FW: Wir haben mitbekommen, dass ein Musikerfreund von uns an Depressionen litt und wir es bei unseren Treffen nicht mitbekommen haben. Deshalb haben wir ihm das Lied gewidmet. Im Lied „Ibrahimovic“ geht es um das Thema Angst. Ich hatte selbst furchtbare Flugangst und weiß, was eine schlimme Angst mit einem anrichten kann. Oder jetzt die Angst vor dem Krieg. In „Hand in Hand“ heißt es auch: „Ich mache lieber Pläne. Und zwar gemeinsam mit dir.“ Diesen Blick wollen wir nicht verlieren, auch wenn die Welt gerade links und rechts zu explodieren scheint. Wir sollten erkennen, dass es uns noch so weit gut geht. Wir wollen lieber Teil einer Lösung, als eines Problems sein. Aber ja, die Thematiken werden düsterer.

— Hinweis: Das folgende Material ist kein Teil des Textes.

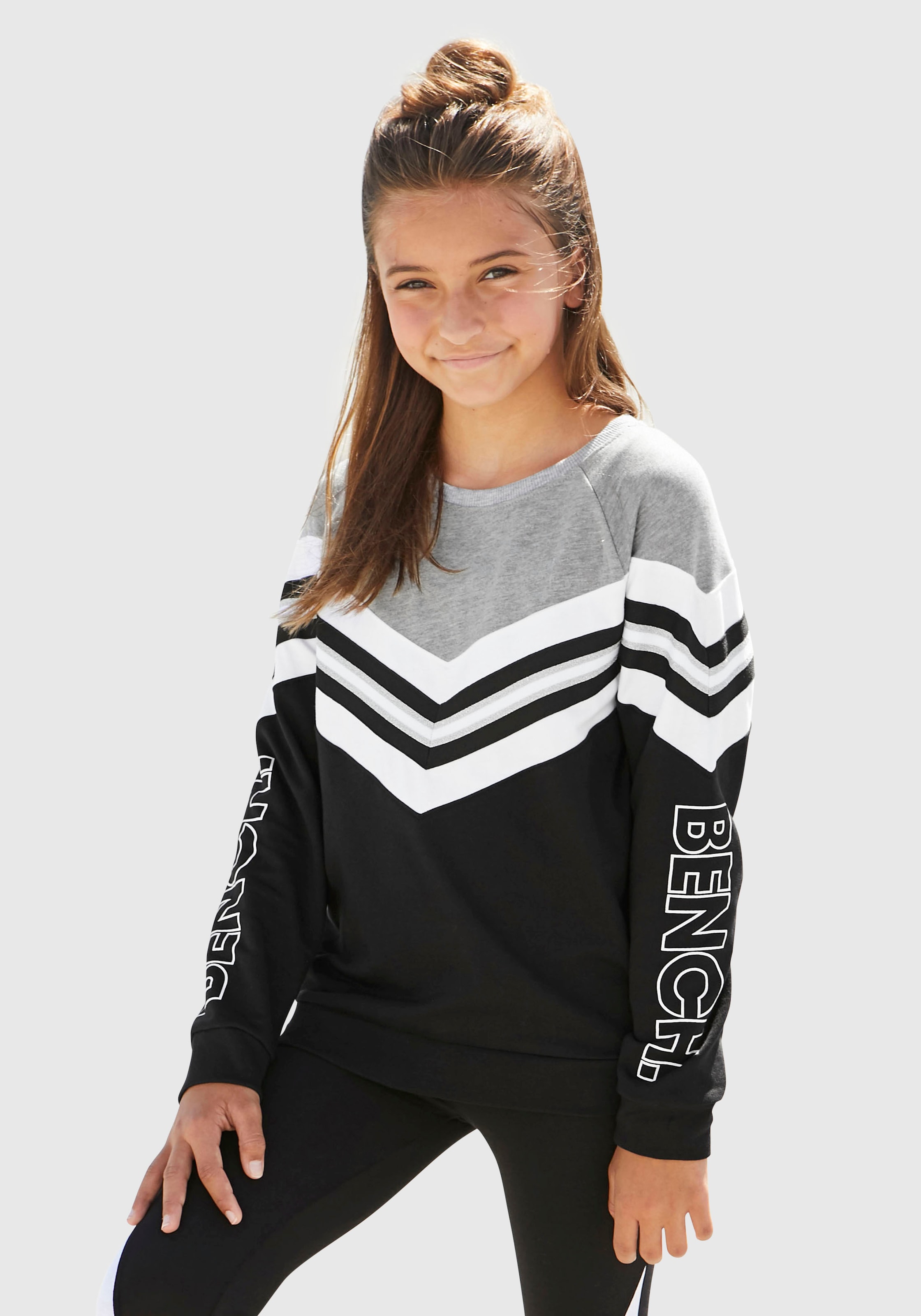 Bench. Sweatshirt, in weiter modischer Form kaufen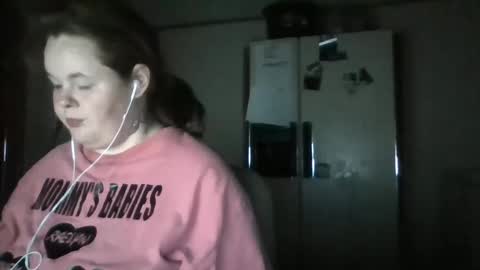 Snapshot of curvyplayday chatting on 09.19.25 dahlia -kim online show from 09.19.25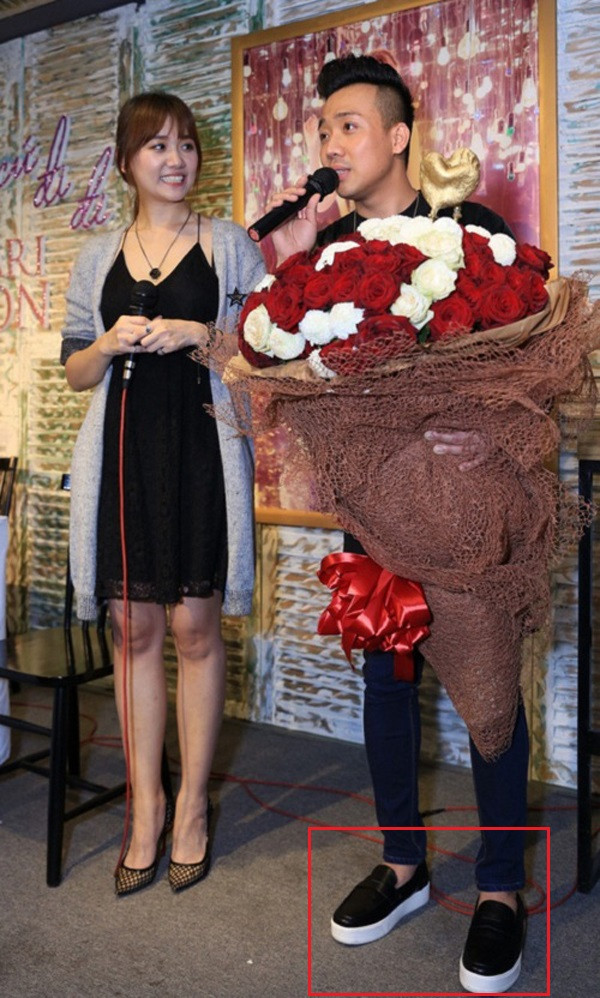 Để xứng đôi với Hari Won, không ít lần Trấn Thành phải nhờ cậy đến đôi giày với phần đế dày hơn bình thường.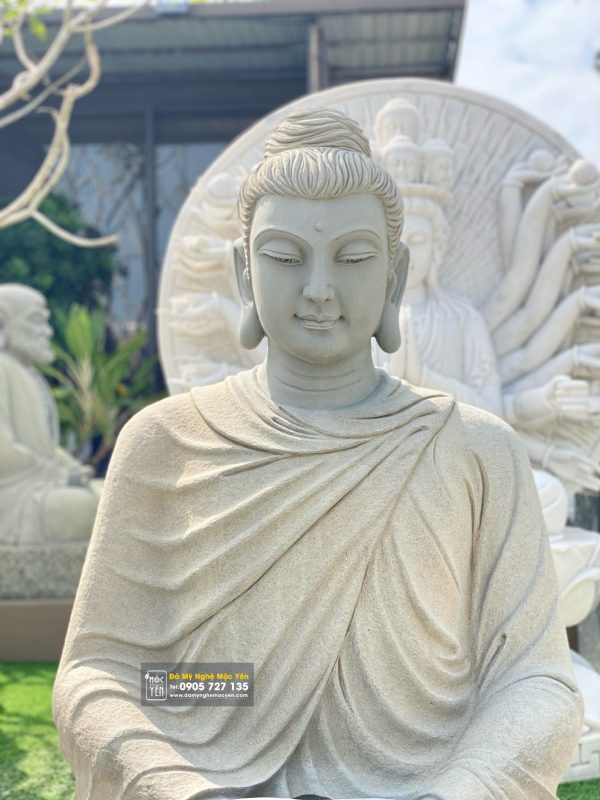 Tượng Phật Bổn Sư Thích Ca bằng đá xanh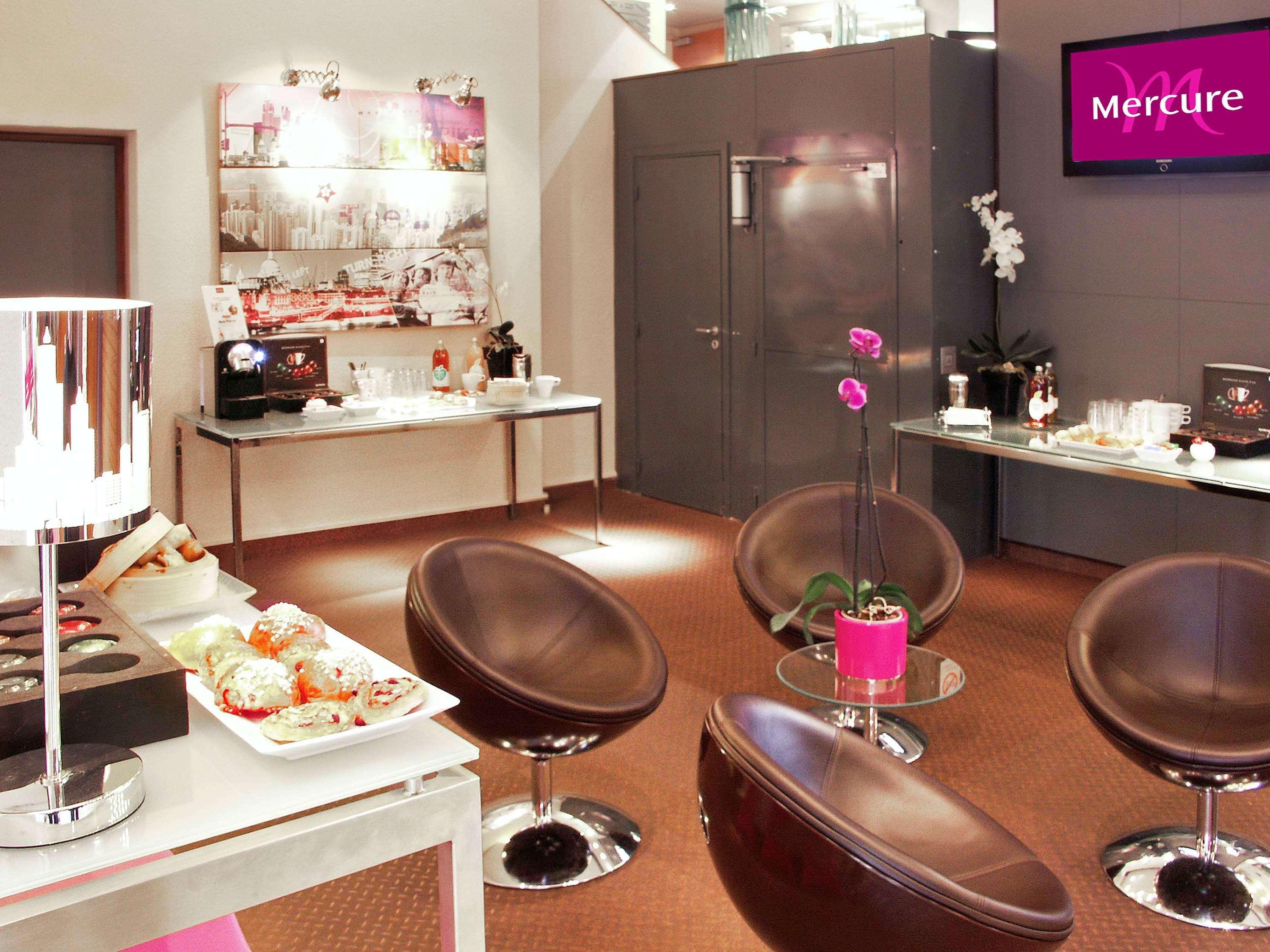 Mercure Lyon Charbonnieres Екстер'єр фото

RL: Dazu muss ich etwas sagen. Ich höre so viel Resignation und Verzweiflung angesichts dieser Zeit. Aber wenn ich an meine Kindheit im Kalten Krieg denke, da gab es jedes Jahr einige Atombombenversuche in der Atmosphäre. Es gab den Atomunfall in Sellafield, es gab den Vietnamkrieg und Terrororganisationen der verschiedensten Arten von ETA bis RAF. Es gab Waldsterben und das Ozonloch. Diese Probleme sind gelöst worden, weil man ein Problem erkannt und gemeistert hat. Seit dem Fall des Eisernen Vorhanges ist es uns ganz gut gegangen und jetzt sind wir ein bisschen aus dem Modus raus, mit großen Problemen umzugehen zu können. Wir brauchen Strategien und müssen diese dann umsetzen. Das hat man in der Zeit des Kalten Krieges getan und die Probleme dann doch irgendwie lösen können. Jetzt irgendwie so rumzustehen und zu sagen, dass das die übelste Zeit der Weltgeschichte ist, das möchte ich nicht akzeptieren.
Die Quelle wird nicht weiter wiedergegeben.